## Extracted entries
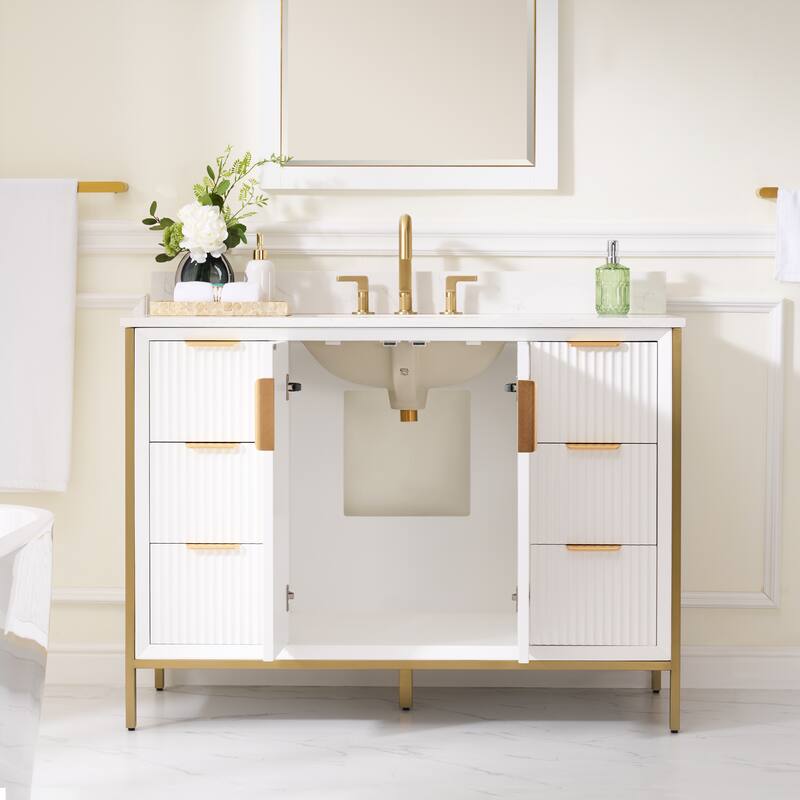 35''H Solid Wood Bathroom Vanity With Carrera White Quartz Top and Sink,White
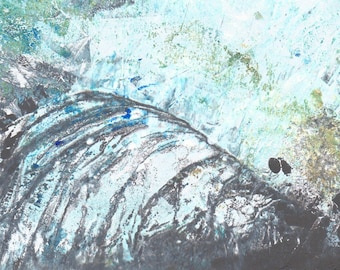 Original Monotype Landscape Painting: Acrylic Art  (10x8 inches)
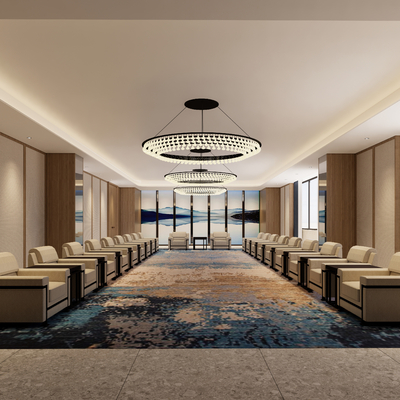  新中式贵宾室 接待室su模型 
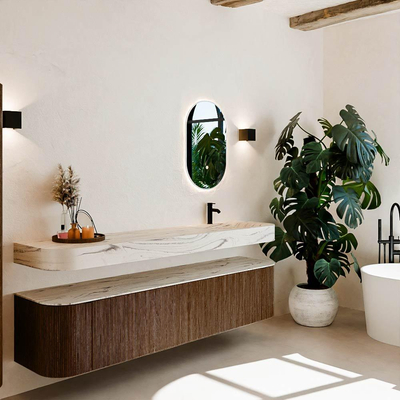 MONDIAZ THOR-DLUX 200cm meuble de salle de bains arrondi gauche + droite couleur Walnut avec 2 tiroirs et 2 portes. Vasque suspendue CLOUD Droite 1 trou de robinet couleur Nata.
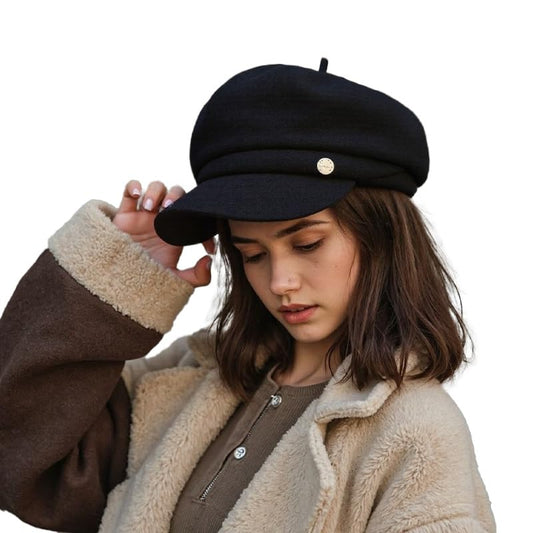 Wool Newsboy Hats for Women Classic Vintage Winter Warm Beret Hats 8 Panel Soft Retro Baker Boy Pageboy Cabbie Cap - color: Black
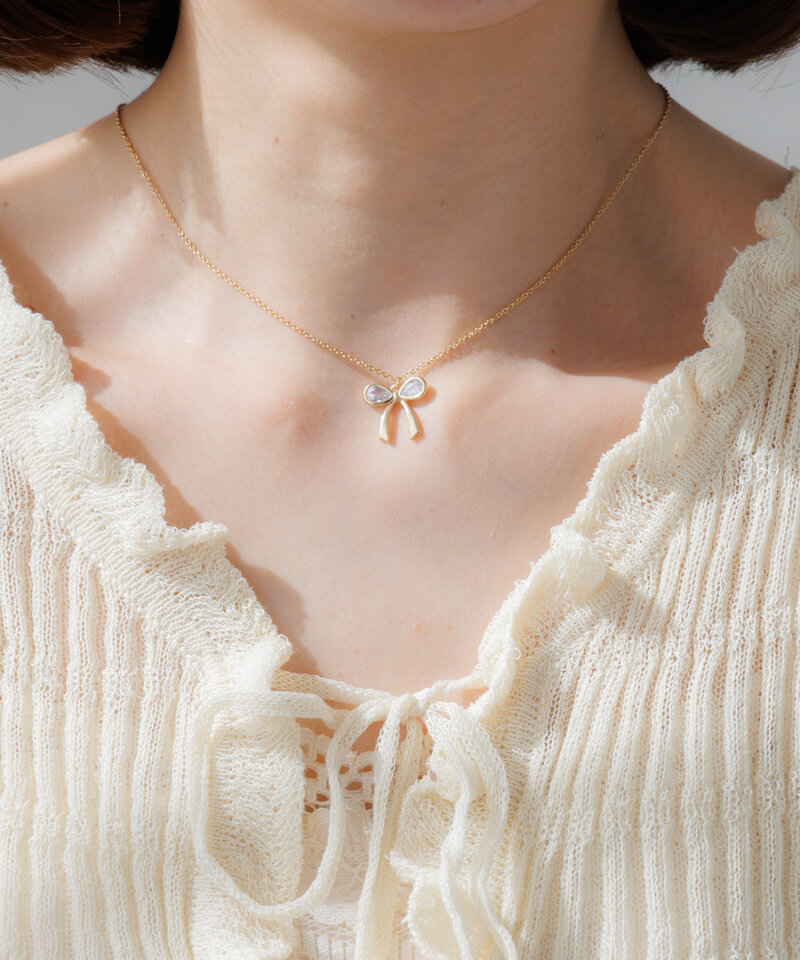 crystal ribbon necklace�`�ؽ������ȯ�ڽ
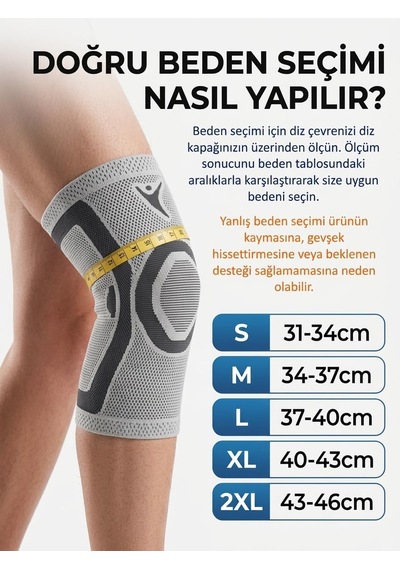 Patella Ligament Destekli 3d Örgü Dizlik - Esnek Eklem Sabitleyici - Sporcu Ve Günlük Kullanıma Uygun, Large Genel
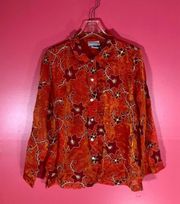 Vintage Orange  Blouse Top WOORD4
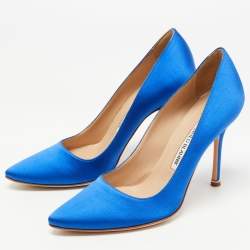Pre Owned Manolo Blahnik Blue Satin Logo Print Pumps Size 37.5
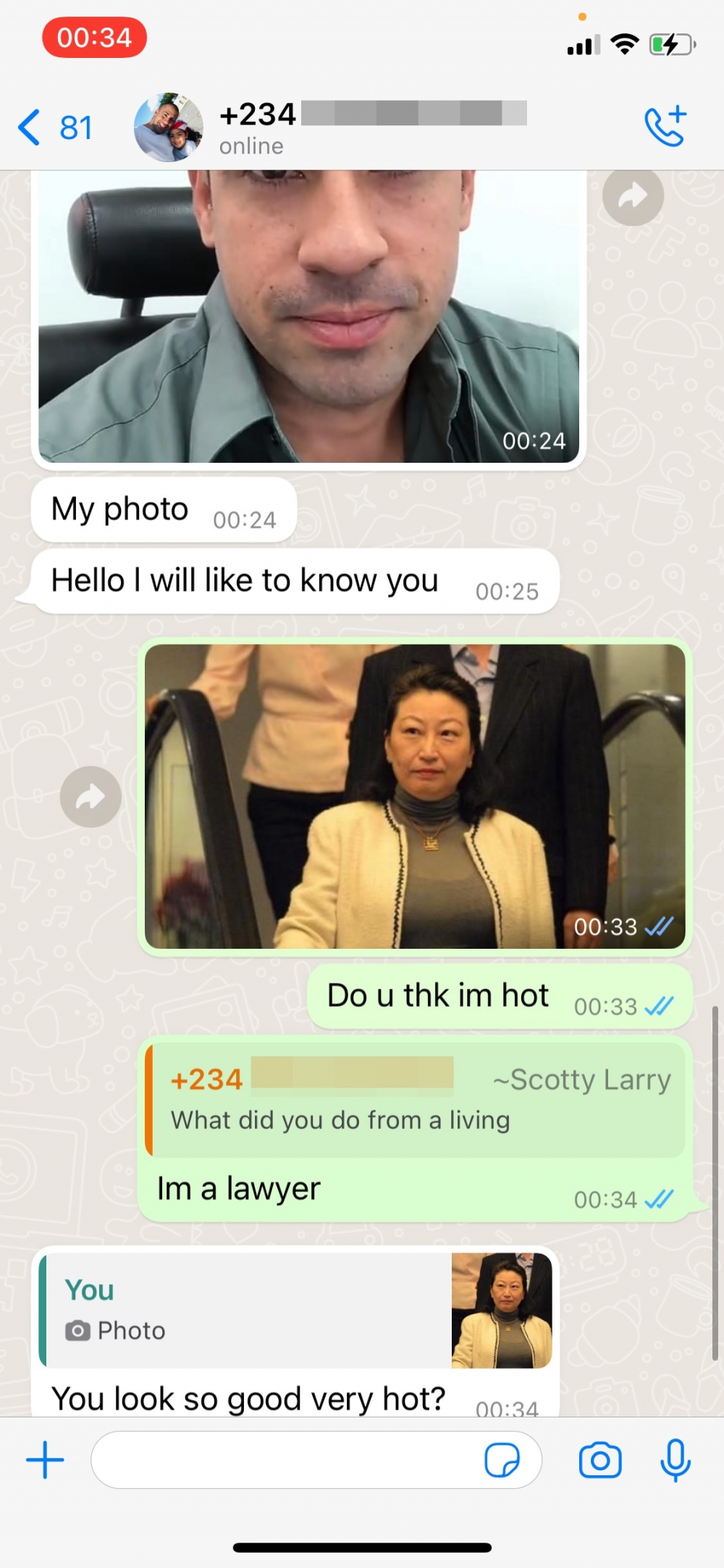 樓主向對方傳送司長鄭若驊照片,獲對方稱讚。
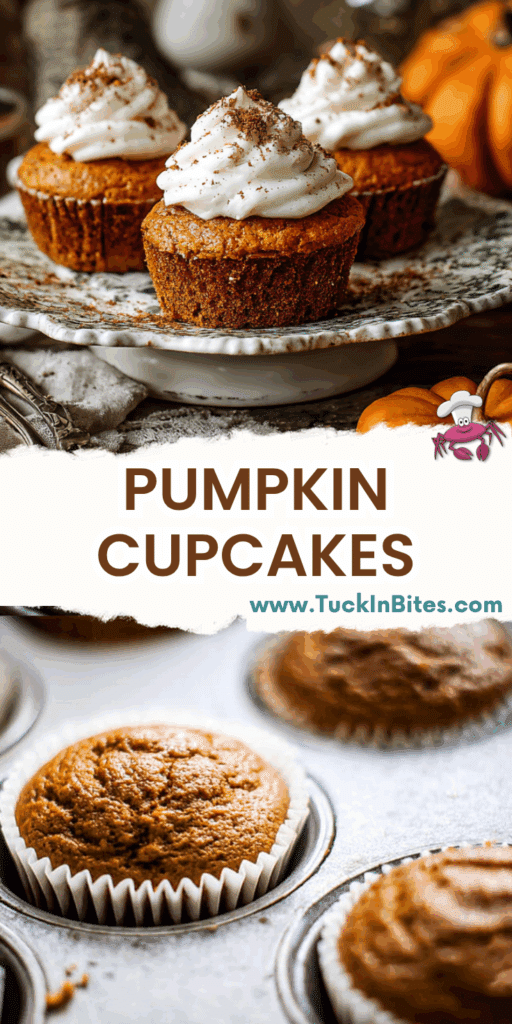 Freshly baked pumpkin cupcakes cooling in muffin tray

## Required work
Drop the images and transcribe the entries above exactly.

## Answer section
 35''H Solid Wood Bathroom Vanity With Carrera White Quartz Top and Sink,White
 Original Monotype Landscape Painting: Acrylic Art  (10x8 inches)
  新中式贵宾室 接待室su模型 
 MONDIAZ THOR-DLUX 200cm meuble de salle de bains arrondi gauche + droite couleur Walnut avec 2 tiroirs et 2 portes. Vasque suspendue CLOUD Droite 1 trou de robinet couleur Nata.
 Wool Newsboy Hats for Women Classic Vintage Winter Warm Beret Hats 8 Panel Soft Retro Baker Boy Pageboy Cabbie Cap - color: Black
 crystal ribbon necklace�`�ؽ������ȯ�ڽ
 Patella Ligament Destekli 3d Örgü Dizlik - Esnek Eklem Sabitleyici - Sporcu Ve Günlük Kullanıma Uygun, Large Genel
 Vintage Orange  Blouse Top WOORD4
Pre Owned Manolo Blahnik Blue Satin Logo Print Pumps Size 37.5
 樓主向對方傳送司長鄭若驊照片,獲對方稱讚。
 Freshly baked pumpkin cupcakes cooling in muffin tray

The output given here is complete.